Когда весной сорок третьего фронт установился на Северском Донце, жители ряда деревень подлежали отселению. Старший лейтенант Рольбин был одним из тех офицеров, которым поручили выполнить распоряжение командования в селе Крапивное. И вот один из стариков наотрез отказался выезжать из села. Мало того, не разрешал вывозить колхозные пчелиные улья, которые сумел уберечь от оккупантов.

— Никуда я не поеду, гражданин начальник, — упорствовал старик. — От фашистской нечисти пчелок спас, а сейчас погубить должен? Никак не допущу! Скоро пора взяток брать, а я — рой в улья загонять?

Доложили генералу Лосеву, командиру дивизии. Тот под свою ответственность разрешил не трогать те несколько ульев, которые старик выставил на восточном склоне глубокой балки.
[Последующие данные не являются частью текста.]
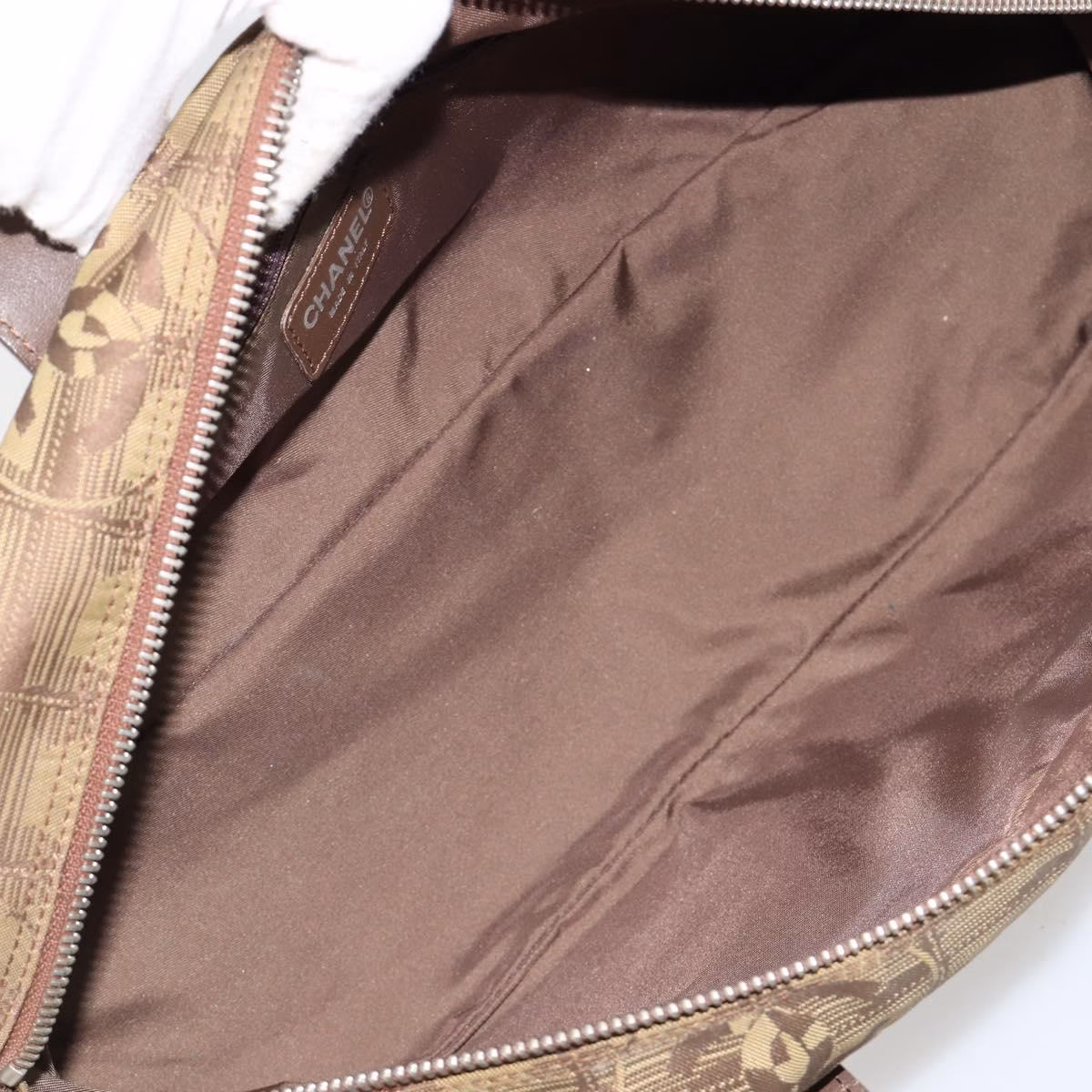 Chanel Travel Line Shoulder Bag Khaki - Image 9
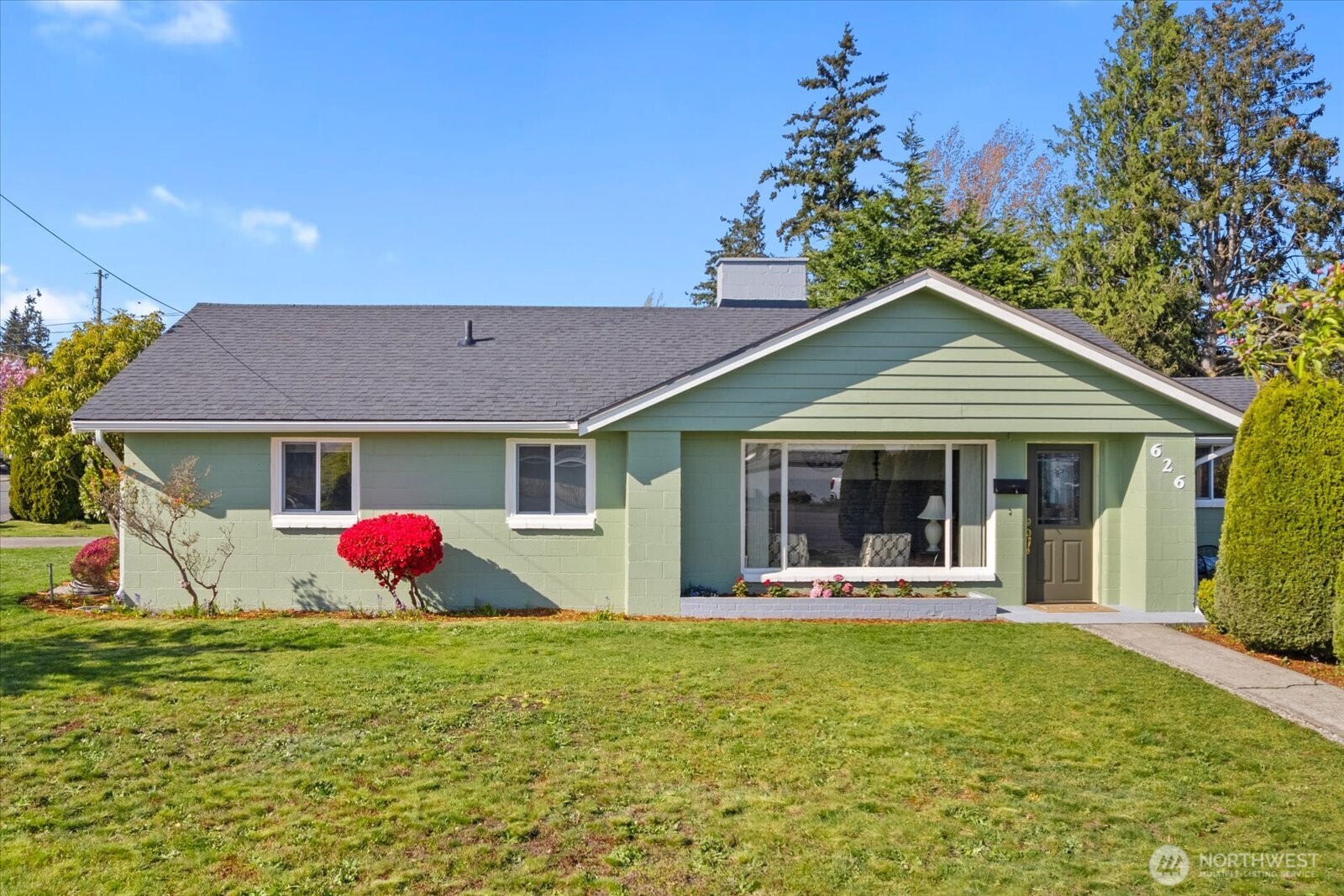 626 Legion Drive Everett, WA 98201 - Photo 1 of 38 a front view of a house with garden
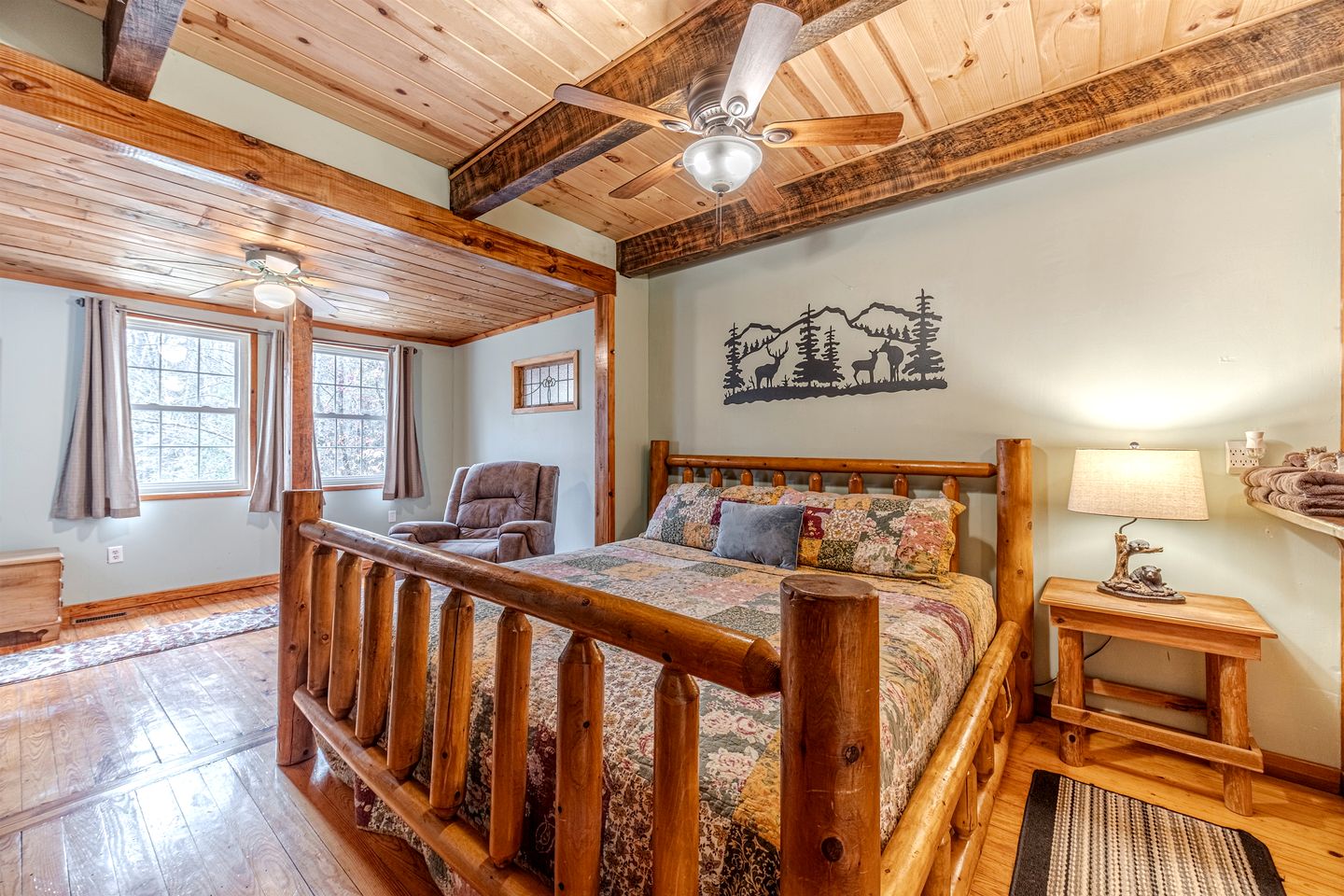 Serene Cabin with Hot-Tub in Cleveland, Georgia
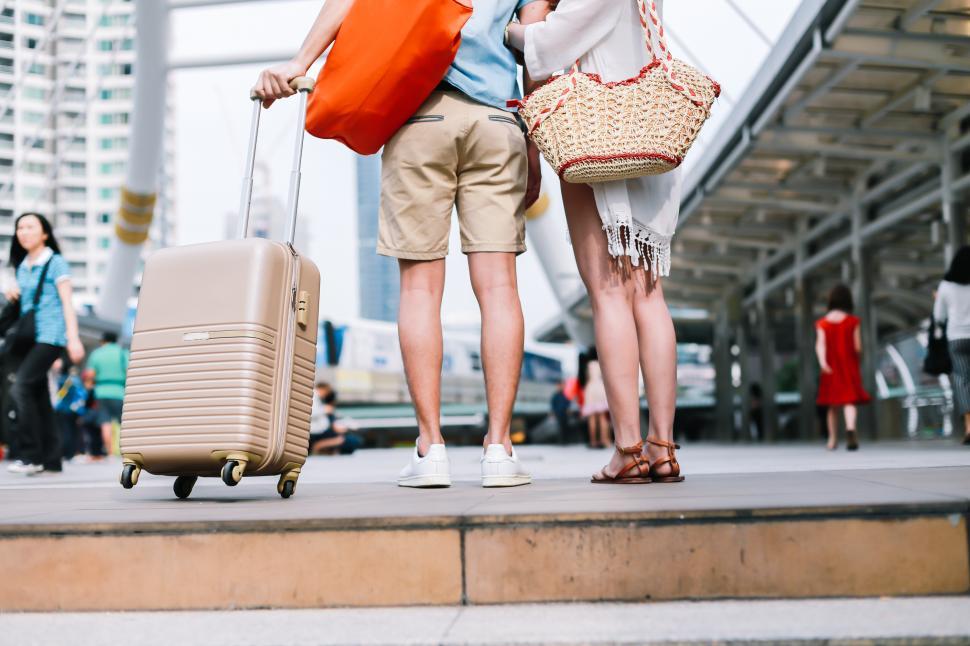Free Image of Tourists arrive for vacation in the city 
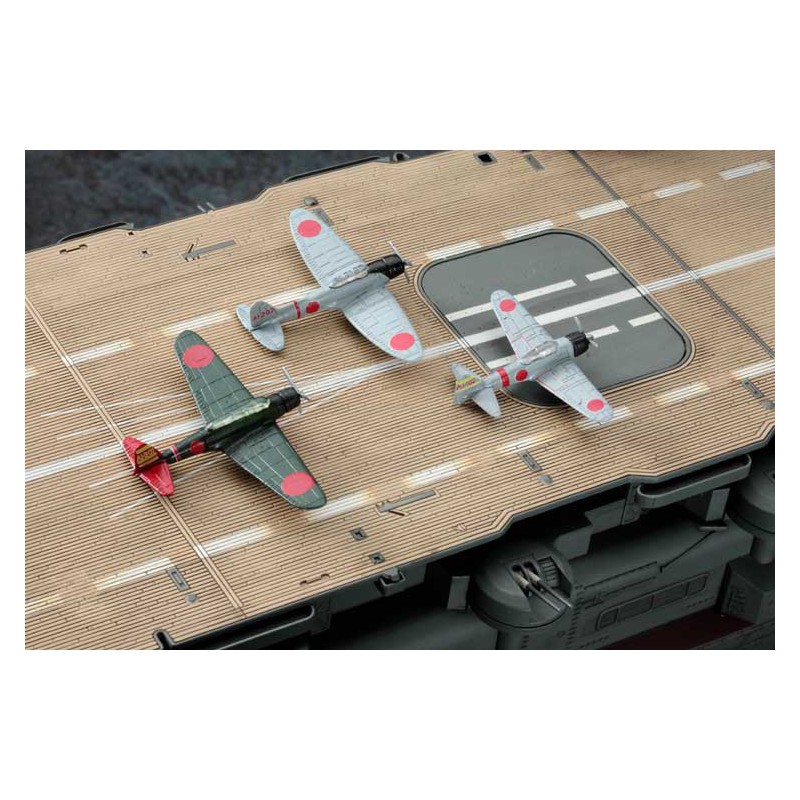 Maquette de Bateau en plastique PORTE AVIONS AKAGI1/350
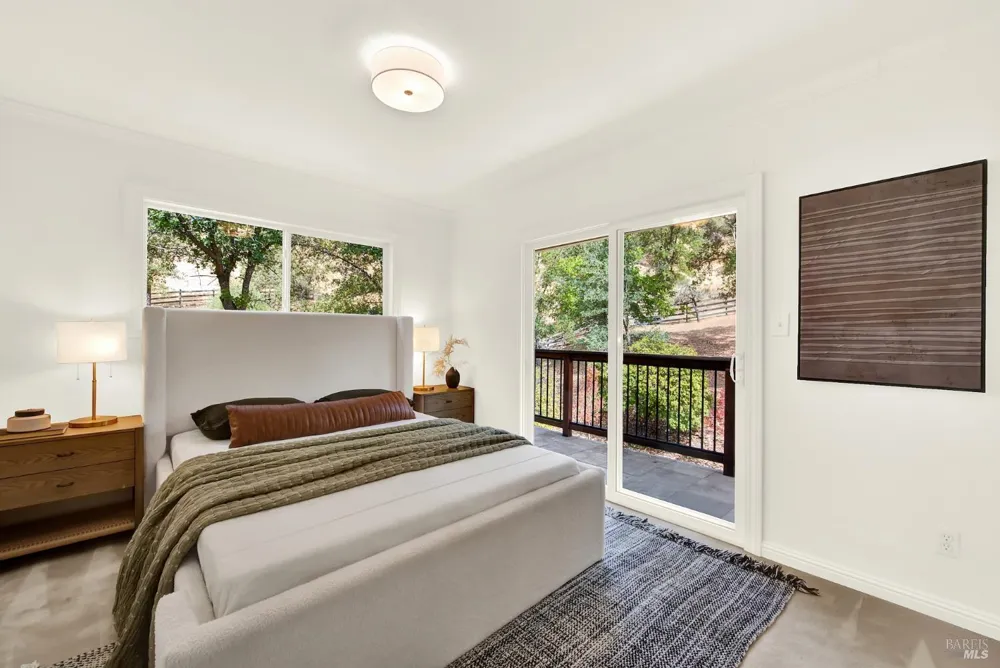 30 Oak Springs Drive Napa, CA 94558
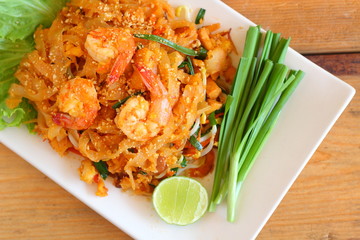 Stir fried rice noodle with prawns.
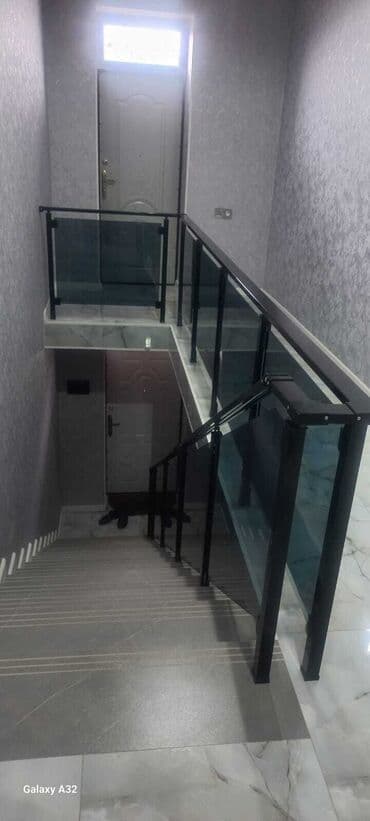 toxunma tutacaqlar: Şüşə və metal elementlərdən ibarət müasir üslubda hazırlanmış pilləkən — 8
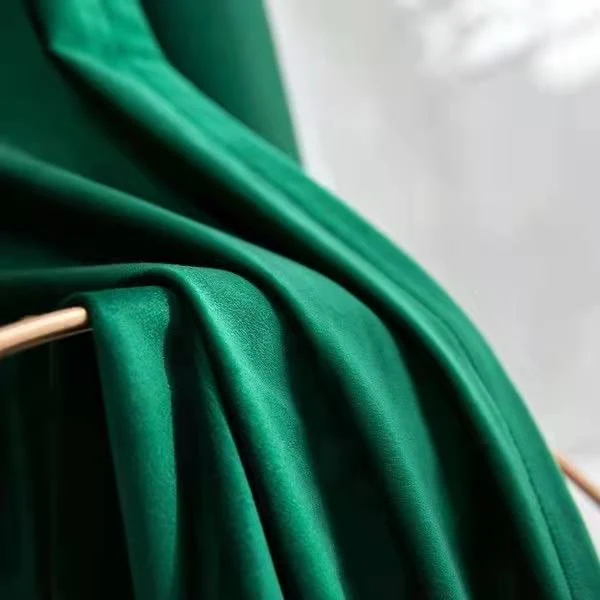 Duo-Samtvorhang – 80 % Lichtschutz, Grün-Elfenbein – mit Kräuselband (1 Stück)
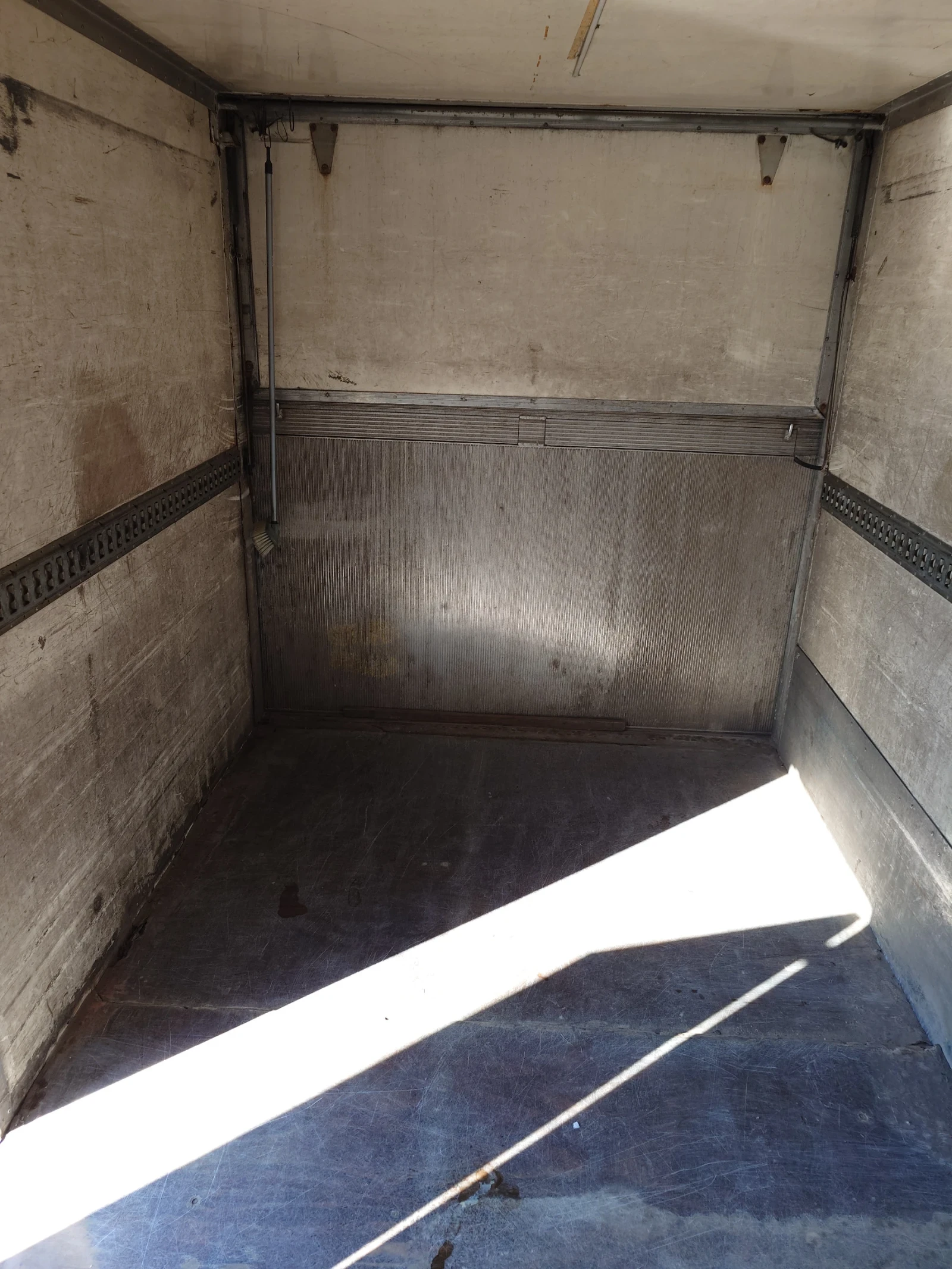 Mercedes-Benz Sprinter 312 Товарен, снимка 12 - Бусове и автобуси - 54331016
Вскоре старик принес два горшочка меду: раненым и, как он сказал, «отличившимся в боевом действии».

Интересно, что в дни самого жестокого сражения пасека осталась невредимой, хотя несколько снарядов разорвалось почти рядом.

Потом фронт ушел на запад, и вскоре мы о пчеловоде забыли.

Когда через тридцать лет ветераны собрались в местах былых боев, Рольбин вдруг вспомнил о старике. Но фамилия пчеловода выветрилась из памяти.

— Это же Махонин! — сразу же подсказала пожилая женщина из Крапивного. — Как же, был такой! Помер недавно… Всю войну сдавал мед для фронта. Любил говорить, что его пчелки тоже воевали.